Types of BBCodes
From simple observation, it seems BBCodes can be separated into at least 3 separate classes based on the complexity of their operations: simple find and replace, complex find and replace (regex/tokens), and programatic, using php based logic. The first case would likely be used most for enabling html tags, such as <b>, <i>, <u>, and so on, while the second used for the quote BBCode and similar, and the third the code BBCode, supporting syntax highlighting.
With this separation, bbcodes could be easily separated into different classes, with hte first two reusing classes with different paramaters, and the third using a unique class for each.
Simple find and replace
These would be the easiest to define, and be the most commonly used bbcode. They could be processed by a base class that takes a list of bbcode tags (b, i, u), their starting text (<b>, <i>, <u>), and ending text (</b>, </i>, </u>) then would process all together. This should take one pass through preg_match_all and would be a simplified version of the phpBB 3.0 processor.

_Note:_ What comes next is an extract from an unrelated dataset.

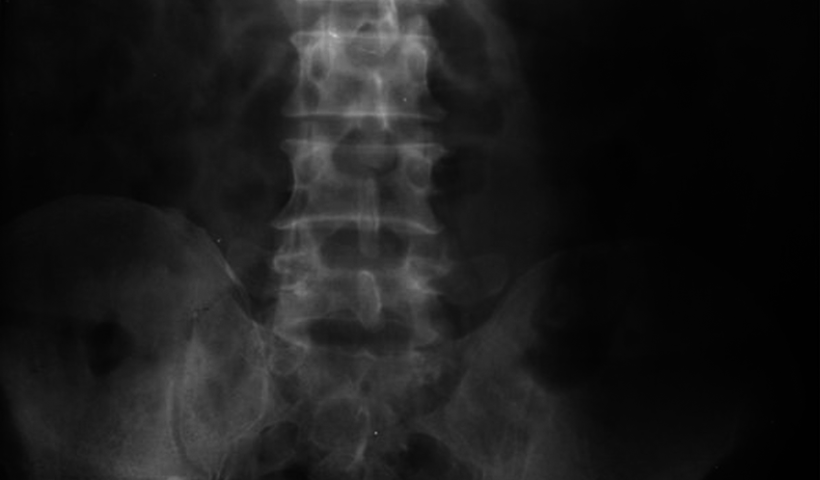 KUB-After-Placement-of-DJ-Stent-in-Right-Ureter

Another option with this type of bbcode would be a singular bbcode, such as [br] that does not require a matching pair.
Complex find and replace (regex/tokens)
This class of bbcodes should allow tokens for validating data and re-displaying it to the user, such as for the quote bbcode, while allowing users to do their own validation using regular expressions. Each token should be replaced by a regular expression to validate its data, then made availible for use to the administrator as in phpBB 3.0. These tokens should be customisable, and admins should be able to add additional tokens for patterns they may often use.
Since curly brackets are used already in regex, I propose the posix character class bracket syntax be used as an alternative. It is already used in some flavors of regex, and allows for simple extentions such as [
Because of the complexities of this syntax, which actually does not need to resemble bbcode syntax, each bbcode would need a separate pass in the bbcode processor.
Programatic
These bbcodes would be implemented completely by php classes, and would need to be uploaded by the user. Each would act on a specific interface, providing a regular expression for the starting and ending tags and a method to do text operations. This would allow the bbcode parser to validate start/end tag pairing, and only pass the text of matching pairs to the manipulator method. This type of bbcode might be used for the code tag, or for embedding a wiki markup engine.
Smilies?
Smilies are very similar to bbcodes, except they do not obey the standard bbcode syntax and are strictly find and replace, as a single element bbcode [br] might be. It would make sense to process them in the same way as bbcodes. However, they are separate enough that I didn't include them in my 3 types of bbcodes.
Performance
Performance is a huge consideration with bbcodes. At the moment, phpBB uses a bbcode_uid string to identify bbcodes with matching pairs, and only replace them rather than all instances. This uid is added to all bbcode tags at post time, and is stored embedded in the post text in the database. One problem with this is that the UID is embedded inside the brackets of the bbcode tag itself. With the bbcodes above, there is no guarantee that bbcodes actually use standard bbcode syntax. Thus, it may make more sense to actually contatenate the uid to the bbcode start and end tags, which can also be appended in their matching regex. While this doesn't produce as pretty a database markup, it should produce consistent results.